There is no single diagnostic test for growing pains. As a result, it continues to be diagnosed more by exclusion than inclusion of symptoms. Namely: intermittent (non-persistent) aches of muscles (not joints) in both legs presenting later in the day or evening (disappearing by morning) in an otherwise healthy child generally between the age of three and 12 years. There are usually no abnormal findings on physical exam, imaging and lab investigations.
French physician Marcel Duchamp first coined the term “growing pains” in 1823, but many now regard it as somewhat of a misnomer since physical growth as a source of pain is disputed. Despite this, the term remains in common usage. This in itself makes it difficult to more clearly define the nature of the condition.
Vague definitions such as “discomfort, commonly of legs, of unknown cause” contribute to the confusion surrounding this largely misunderstood condition. Evaluating children’s pain is a difficult task. Children with pain find it hard to articulate exactly when and how the pain started, and even older children and adolescents struggle to tell us the type of pain they are experiencing.
The origin, cause and effect of growing pains are unknown. Proposed theories, which are steadily being debunked, include muscle fatigue in active children, biomechanical factors such as flat feet, mental or emotional causes, or as part of a broader pain syndrome. Historically, girls have been thought to be more susceptible, but this is unsubstantiated.
More recent theories include altered pain threshold, decreased bone strength, excess flexibility known as joint hypermobility, greater body weight, parental history of arthritis or family history of growing pains – which might suggest a genetic link. Twin research shows some evidence of genetic susceptibility to growing pains and an association with restless legs syndrome.
One of the most obvious yet contentious causes of growing pains is growth itself. Parents report an association between growing pains and increased growth in 35% of cases. An experiment in lambs showed 90% of bone elongation occurred when the lambs were lying down and almost no growth occurred during standing or walking. The authors concluded that similar growth patterns may occur in children, which could support the concept of night-time growth and a link to growing pains.
One problem with this theory is that while all children sleep and grow, not all children suffer growing pains. Instead, it could be that the rate of growth, which we know is episodic for each child (think “growth spurts”) and can vary between children, may be a more plausible explanation why only a proportion of children experience growing pains.
Difficulties with definitions make population estimates hard, but recent research suggests growing pains occur in between 3% and 49% of children.

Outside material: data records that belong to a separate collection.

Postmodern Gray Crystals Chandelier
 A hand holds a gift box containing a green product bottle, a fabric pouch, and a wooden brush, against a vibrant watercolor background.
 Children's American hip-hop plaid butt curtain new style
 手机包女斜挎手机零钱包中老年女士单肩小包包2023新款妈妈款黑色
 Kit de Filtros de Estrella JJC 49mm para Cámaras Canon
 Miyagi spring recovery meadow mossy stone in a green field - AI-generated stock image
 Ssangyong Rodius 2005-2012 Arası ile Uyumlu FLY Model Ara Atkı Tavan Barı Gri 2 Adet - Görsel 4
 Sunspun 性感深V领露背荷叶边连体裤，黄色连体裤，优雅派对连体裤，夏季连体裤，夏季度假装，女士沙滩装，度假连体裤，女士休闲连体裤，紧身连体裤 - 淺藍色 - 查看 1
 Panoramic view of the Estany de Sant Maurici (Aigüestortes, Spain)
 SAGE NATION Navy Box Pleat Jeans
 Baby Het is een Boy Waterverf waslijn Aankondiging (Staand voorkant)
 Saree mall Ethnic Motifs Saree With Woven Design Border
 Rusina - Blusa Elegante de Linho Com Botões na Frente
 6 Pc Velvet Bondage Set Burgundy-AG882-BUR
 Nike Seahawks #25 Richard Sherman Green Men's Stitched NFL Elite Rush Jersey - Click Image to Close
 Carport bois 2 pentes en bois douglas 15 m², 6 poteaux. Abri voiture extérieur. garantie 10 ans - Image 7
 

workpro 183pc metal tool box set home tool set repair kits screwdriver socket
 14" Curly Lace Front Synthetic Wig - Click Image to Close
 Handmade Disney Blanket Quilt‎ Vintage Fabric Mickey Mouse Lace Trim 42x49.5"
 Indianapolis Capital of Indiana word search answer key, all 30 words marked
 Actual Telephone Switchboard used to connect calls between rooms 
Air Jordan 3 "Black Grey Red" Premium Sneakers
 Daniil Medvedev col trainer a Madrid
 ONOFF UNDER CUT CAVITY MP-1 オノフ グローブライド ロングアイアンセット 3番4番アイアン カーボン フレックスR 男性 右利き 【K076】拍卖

A robust prevalence study in South Australia concluded they affect 37% of children aged four to six years. So, about one child in every three is affected. The amount of distress varies from awakening and complaints of leg pain to crying and reduced quality of life.
Unsurprisingly, because growing pains are largely enigmatic, they are poorly managed. A common feature of growing pains is their spontaneous resolution, even if this occurs after a period of years. Thus any management is really focused only on controlling symptoms.
There is only one randomised controlled trial that offers evidence for the treatment of children with growing pains. This small trial of 18 children who performed stretching of thigh and calf muscles for 10 minutes twice daily over 18 months showed faster improvements in symptoms when compared to the 16 children in the control group who used standard treatments such as massage and aspirin. However, the number of growing pain episodes reduced substantially in both groups.
Massage seems somewhat helpful and can be supplemented in more severe cases by the application of heat and mild oral analgesics. If the child has atypical symptoms, such as persistent joint pain, it’s important to carefully rule out more serious conditions.
Joshua Burns is Professor of Allied Health (Paediatrics) at the University of Sydney and Children’s Hospital at Westmead.